Qual o sentido de tudo isto? Há sentido? De quê vale perguntar por quê, se nunca teremos resposta? De quê vale refletir e refletir sobre as possíveis causas se as respostas podem ser tantas e nenhuma?
Fui a última pessoa a vê-lo consciente. Por quê? Quem me responderá? Fui a pessoa que assinou os papéis de sua internação, numa escala hierárquica responsavelmente distante. Por quê? Fui eu quem testemunhei o desespero de minha avó ao vê-lo entubado e inconsciente. Por quê? Alguém me explicará? Sei que não.
- Ele está gelado! Ele não acorda! Acorda meu filho! Abre os olhos, filho! Ele não acorda...Ele não volta mais, né?
- Não, vó. Ele não volta mais.
Por que fora eu a dizer-lhe? Onde estão os outros? Onde estão todos que não aparecem para permitir-me enfraquecer? Os outros já se foram...um a um, sem explicações se foram...Se ao menos eu conseguisse crer...Se ao menos eu tivesse a esperança de um reencontro...Se ao menos eu tivesse as visões, sensações, pressentimentos que tantos outros têm...Nada me é explicado. E quando penso haver encontrado um suporte, um colo, um apoio, um alguém onde eu possa ser frágil, me decepciono novamente, como se fosse a primeira vez. "Você está bem?" É uma pergunta retórica, porque se tento explicar e dizer que não! Que estou cansada, chateada, triste...ouço de volta "...tá, tá, depois a gente conversa".
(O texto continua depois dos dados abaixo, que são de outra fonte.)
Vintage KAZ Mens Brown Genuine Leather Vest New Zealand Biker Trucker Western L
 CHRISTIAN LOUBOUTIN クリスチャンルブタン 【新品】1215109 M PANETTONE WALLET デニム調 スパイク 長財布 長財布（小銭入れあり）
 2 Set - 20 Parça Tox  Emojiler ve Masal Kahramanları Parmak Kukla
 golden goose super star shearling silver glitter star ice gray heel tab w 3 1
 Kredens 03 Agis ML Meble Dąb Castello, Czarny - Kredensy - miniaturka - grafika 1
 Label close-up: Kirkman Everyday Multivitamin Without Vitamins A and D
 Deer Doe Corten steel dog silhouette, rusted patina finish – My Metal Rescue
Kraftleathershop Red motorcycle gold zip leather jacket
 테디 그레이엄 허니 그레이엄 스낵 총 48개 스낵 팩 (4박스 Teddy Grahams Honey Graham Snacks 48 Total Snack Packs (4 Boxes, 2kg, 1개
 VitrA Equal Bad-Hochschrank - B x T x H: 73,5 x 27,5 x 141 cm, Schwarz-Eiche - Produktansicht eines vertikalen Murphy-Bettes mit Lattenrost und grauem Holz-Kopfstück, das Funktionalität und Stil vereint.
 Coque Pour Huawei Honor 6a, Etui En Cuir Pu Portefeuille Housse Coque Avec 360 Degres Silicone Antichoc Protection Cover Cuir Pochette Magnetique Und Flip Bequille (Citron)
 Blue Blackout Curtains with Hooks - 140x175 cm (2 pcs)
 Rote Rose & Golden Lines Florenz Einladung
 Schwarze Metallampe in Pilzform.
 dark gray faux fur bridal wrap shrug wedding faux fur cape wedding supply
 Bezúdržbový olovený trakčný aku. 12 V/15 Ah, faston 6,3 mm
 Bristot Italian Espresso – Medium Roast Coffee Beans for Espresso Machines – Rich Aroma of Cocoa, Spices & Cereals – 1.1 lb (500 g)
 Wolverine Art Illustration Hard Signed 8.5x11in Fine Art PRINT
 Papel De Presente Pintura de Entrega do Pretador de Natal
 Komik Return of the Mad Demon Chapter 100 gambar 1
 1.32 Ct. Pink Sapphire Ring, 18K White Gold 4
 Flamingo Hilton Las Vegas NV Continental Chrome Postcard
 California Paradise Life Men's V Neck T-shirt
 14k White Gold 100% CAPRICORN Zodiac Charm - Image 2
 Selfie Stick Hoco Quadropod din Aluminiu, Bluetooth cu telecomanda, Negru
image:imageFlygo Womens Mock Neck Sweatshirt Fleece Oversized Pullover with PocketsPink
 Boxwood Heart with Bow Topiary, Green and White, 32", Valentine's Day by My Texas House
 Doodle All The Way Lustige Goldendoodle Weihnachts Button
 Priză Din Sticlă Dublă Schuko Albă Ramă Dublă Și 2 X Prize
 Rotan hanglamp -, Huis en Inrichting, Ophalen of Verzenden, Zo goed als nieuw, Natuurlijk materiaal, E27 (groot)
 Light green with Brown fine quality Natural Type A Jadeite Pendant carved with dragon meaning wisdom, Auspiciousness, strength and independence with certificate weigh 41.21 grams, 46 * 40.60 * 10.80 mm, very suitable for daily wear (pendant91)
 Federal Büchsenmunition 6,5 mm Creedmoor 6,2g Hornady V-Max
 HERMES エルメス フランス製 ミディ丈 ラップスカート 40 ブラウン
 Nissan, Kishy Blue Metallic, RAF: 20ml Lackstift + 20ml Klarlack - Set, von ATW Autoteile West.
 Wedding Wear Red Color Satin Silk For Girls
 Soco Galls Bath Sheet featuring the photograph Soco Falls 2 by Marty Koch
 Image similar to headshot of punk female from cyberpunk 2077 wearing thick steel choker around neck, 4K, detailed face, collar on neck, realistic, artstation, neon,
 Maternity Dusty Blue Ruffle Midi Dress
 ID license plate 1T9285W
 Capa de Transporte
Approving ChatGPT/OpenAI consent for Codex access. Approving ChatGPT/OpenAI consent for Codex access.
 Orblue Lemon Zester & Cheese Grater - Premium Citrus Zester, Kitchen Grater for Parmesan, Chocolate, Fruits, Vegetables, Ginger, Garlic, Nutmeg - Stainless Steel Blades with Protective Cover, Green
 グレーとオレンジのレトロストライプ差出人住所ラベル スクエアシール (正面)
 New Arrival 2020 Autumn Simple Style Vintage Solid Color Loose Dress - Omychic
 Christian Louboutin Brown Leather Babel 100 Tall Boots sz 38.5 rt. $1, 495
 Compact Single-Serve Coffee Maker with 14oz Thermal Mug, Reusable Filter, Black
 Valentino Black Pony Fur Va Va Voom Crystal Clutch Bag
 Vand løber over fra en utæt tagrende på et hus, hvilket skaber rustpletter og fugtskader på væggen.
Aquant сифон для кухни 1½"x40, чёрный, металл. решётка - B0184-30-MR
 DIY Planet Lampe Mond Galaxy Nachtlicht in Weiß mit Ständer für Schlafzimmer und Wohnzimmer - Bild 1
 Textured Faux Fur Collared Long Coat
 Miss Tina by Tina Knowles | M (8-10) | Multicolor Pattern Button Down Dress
"Façamos o homem...a nossa imagem e semelhança". Para quê Deus faria isto? Se não temos parâmetro, como vamos saber a quem nos assemelhamos? Todos os saberes teóricos e teológicos nunca deram conta. Os psicológicos me mantêm um pouco em pé, os filosóficos anestesiam minha consciência e por um breve período deixo de sentir dor. Mas hoje eu clamo pelo afetivo, pelo abraço apertado, pelo calor do corpo, pelo cheiro...mas ele não vêm.
Estou tão cansada de perguntar. Nem sei mais se as respostas adiantariam. Talvez elas se transformariam em sementes de novas perguntas, pois minha sede de saber é imensa. O tudo do nada que sei é que ainda tenho a vida.